What euro crisis and China's sliding mean to Korea
Since the second half of last year, worsening global risk factors including the eurozone’s fiscal crisis had led to a severe slump in the Korean economy. With an unfavorable global environment such as this, sluggish exports combined with weak domestic consumption and investment brought 3.3 percent economic growth in the fourth quarter, which was surprisingly lower than expected. Early this year, however, as global conditions improved and domestic economic sentiment indicators showed signs of turning positive, optimistic views on economic recovery had temporarily come to the fore.
But with the possibility of Spain requesting a bailout growing recently and the second general elections coming up in Greece, the eurozone’s fiscal crisis has once again come into central focus. In addition, a pessimistic view on the possibility of a hard landing in China has been gaining support. As a result, the Korean economy in the second half may be mostly affected by these two global events: the eurozone’s fiscal crisis and the economic recovery in China.
There are three scenarios that we may forecast in relation to Greece. The first scenario is one where the incumbent party forms a government and continues with the retrenchment policy or partially re-negotiates it. The result is unlikely to have a big impact on the Korean economy.
The second scenario is where the opposition Syriza party comes to power and totally resists the current retrenchment policy but still finds Greece remaining in the eurozone. This is the scenario that may very well pose a significant threat to the world economy for a long time.

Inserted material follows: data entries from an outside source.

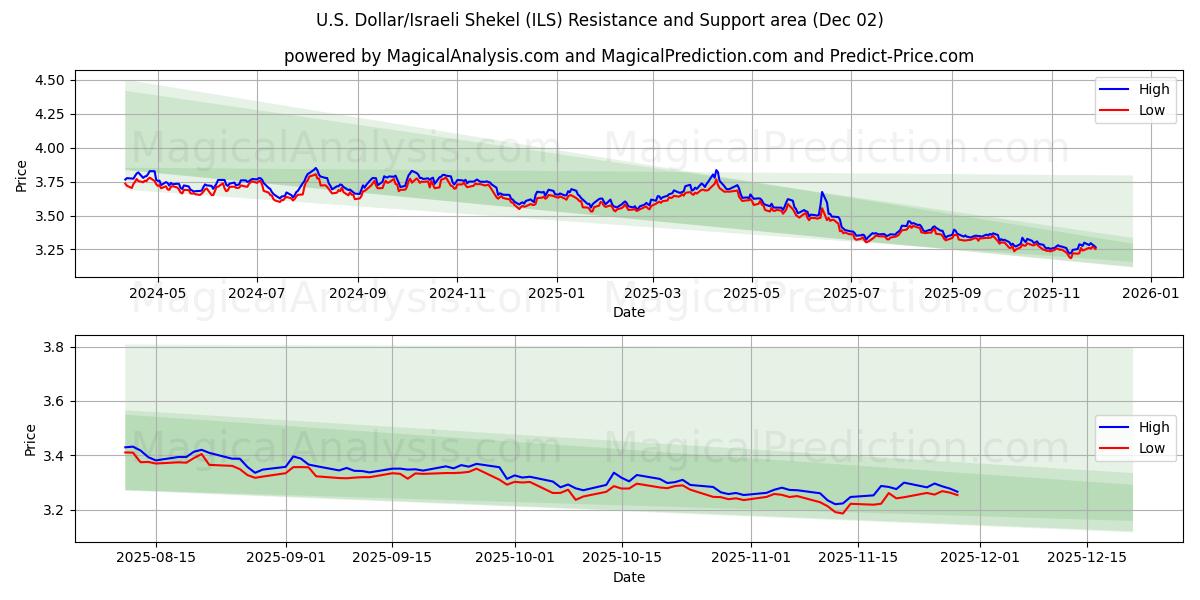  US Dollar/Israelisk Shekel (ILS) Support and Resistance area (01 Dec) 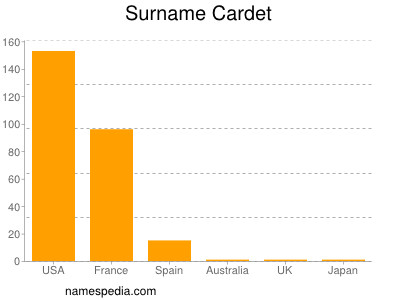 Surname Cardet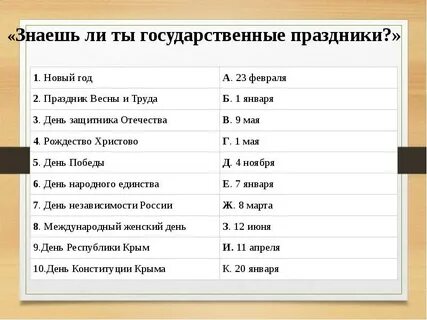 Какие республики ты знаешь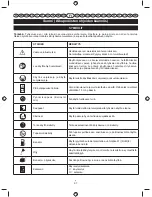 Preview for 99 page of Ryobi RLT26CDY User Manual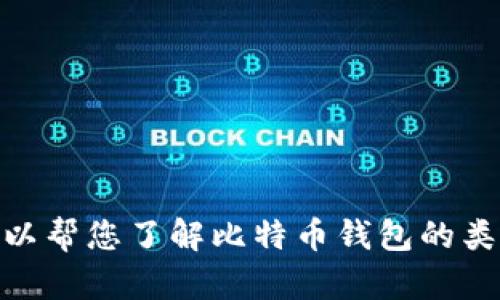 抱歉，我无法提供下载链接或具体的软件推荐。不过，我可以帮您了解比特币钱包的类型、使用方法和安全性等相关信息。您想了解哪些方面呢？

The last scenario is one that would find Greece resisting the current retrenchment policy and exits the eurozone. If, under this scenario, the crisis spreads to Spain, Italy and other European countries, the impact may be worse than the Lehman Brothers collapse as witnessed in 2008.
At this point, the first scenario seems most probable, but neither should we ignore the possibility of the second or third scenarios either. If we assume the first scenario and the Chinese economy grows by 8 percent, the Korean economy should see 3.4 percent economic growth this year.

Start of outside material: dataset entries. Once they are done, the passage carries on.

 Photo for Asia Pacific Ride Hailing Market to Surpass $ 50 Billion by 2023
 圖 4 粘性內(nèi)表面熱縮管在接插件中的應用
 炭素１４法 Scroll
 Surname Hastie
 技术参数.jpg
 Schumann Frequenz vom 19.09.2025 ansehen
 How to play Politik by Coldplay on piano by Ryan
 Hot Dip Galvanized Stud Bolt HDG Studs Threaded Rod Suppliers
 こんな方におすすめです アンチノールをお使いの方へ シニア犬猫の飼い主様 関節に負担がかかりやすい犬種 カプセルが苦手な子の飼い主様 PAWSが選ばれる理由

However, if we assume the second scenario and China’s economy grows by only 7 percent, Korea’s economy is likely to grow under 3 percent for the year. The Korean economy may be affected most severely under the third scenario and where economic growth in China falls below 7 percent. Here we cannot exclude the possibility of minus economic growth in the second half.
It is probable that these unfavorable global conditions, when they are taken into consideration together with diminishing fiscal policy breathing room in the second half, have underpinned the calls for the Bank of Korea to cut the policy interest rate preemptively to boost the economy.

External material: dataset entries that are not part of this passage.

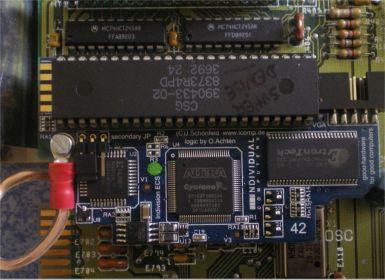 Indivision ECS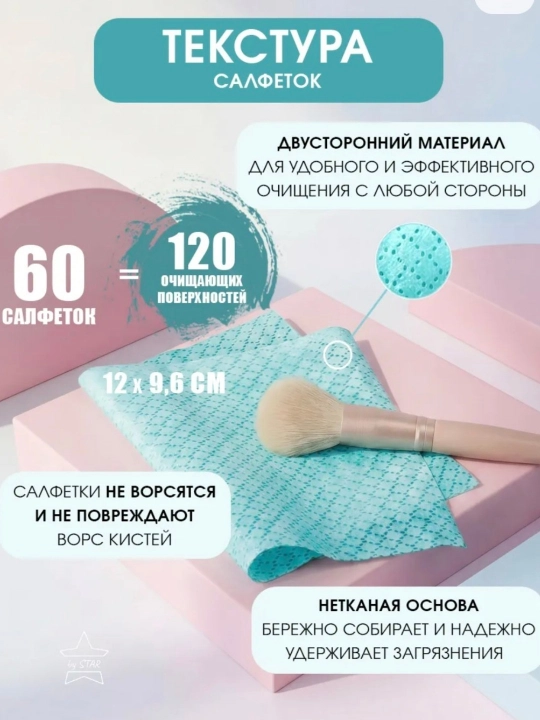 Идеальные салфетки: очищают кисти без воды и защищают от бактерий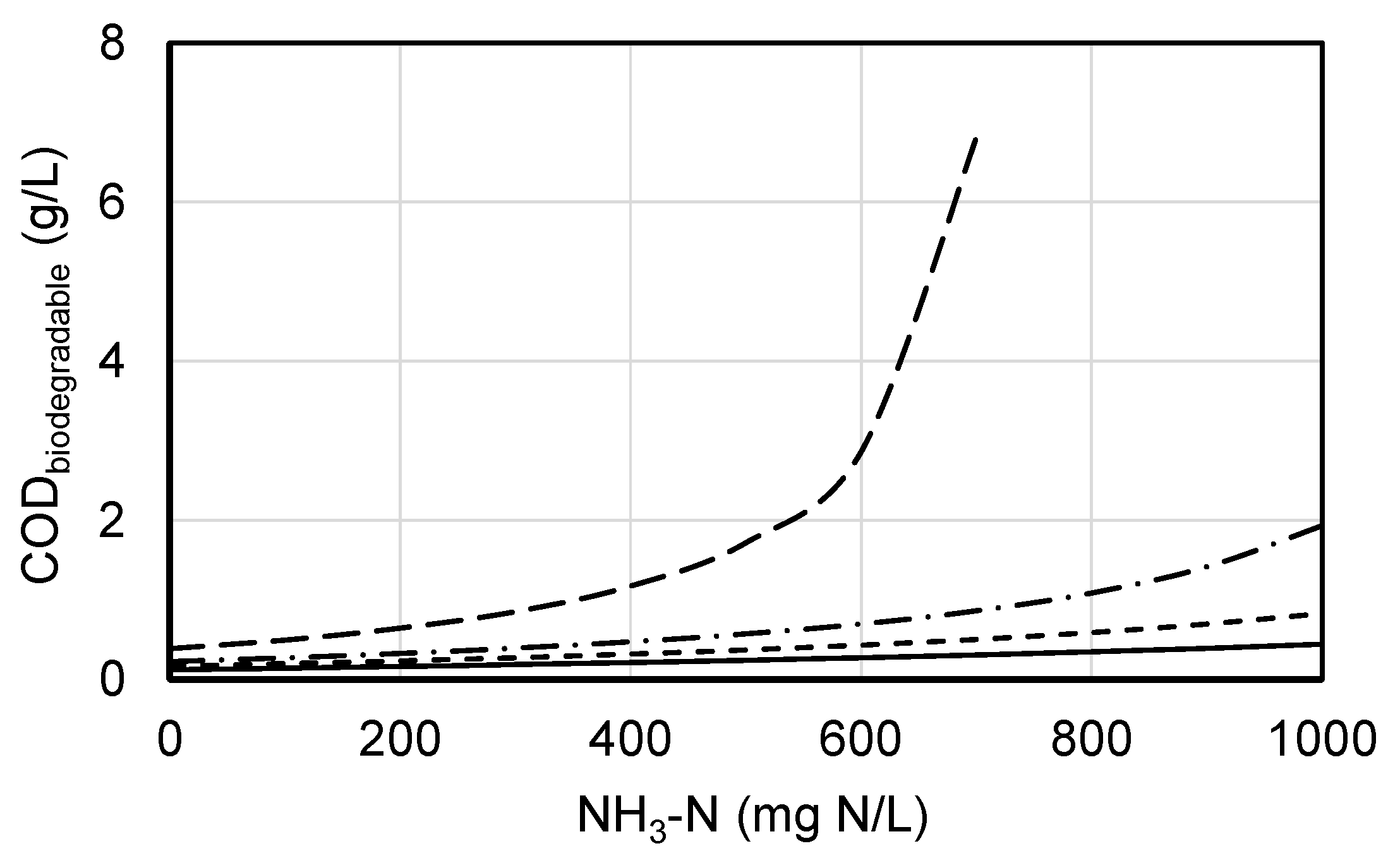 Processes 09 01334 g001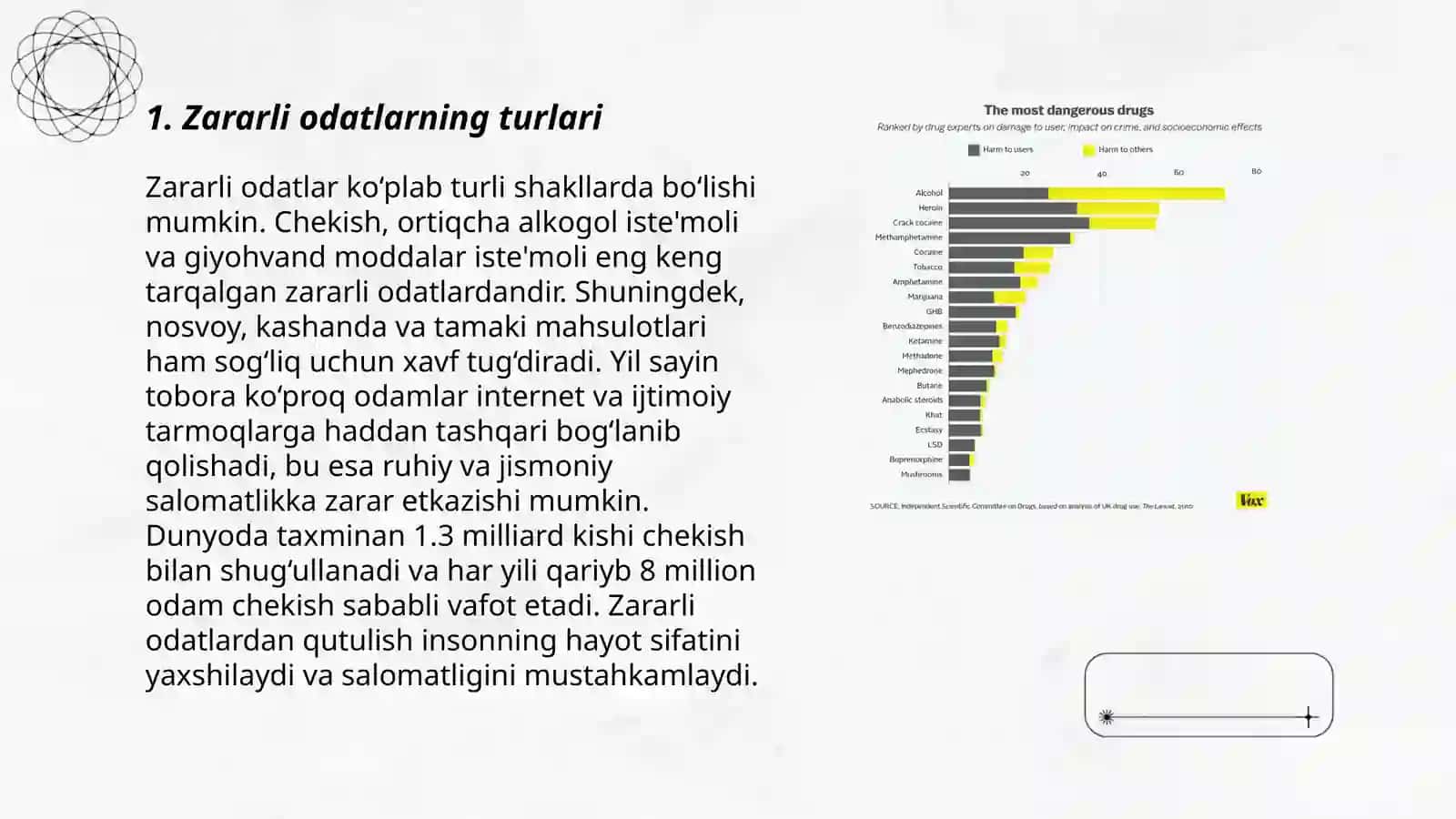 Zararli odatlar va ularga qaramlikning oldini olish 3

But considering the household debt problem and the negative effects that it may have on consumer prices, lowering the interest rate may not be as easy as it sounds.
On the other hand, with inflation falling recently, raising the interest rate may not actually be necessary in the short-term. However, with real interest rates hovering near zero, incrementally increasing the interest rate may be what is needed for the mid-to-long-term.
Consequently, for the first scenario, the policy interest rate should stay in and about where it is now for the time being. It is only when the Korean economy is on the right track towards recovery that the stalled efforts from the second half of last year to normalize the interest rate resume once again.
For the second scenarios, lowering the policy interest rate is needed to shield from unstable financial markets and a contracting economy. If we come to face the third scenario and there is a hard landing in China, we would need to pay particular care to the possibility of having to lower the interest rate to where it was during the 2008 global financial crisis.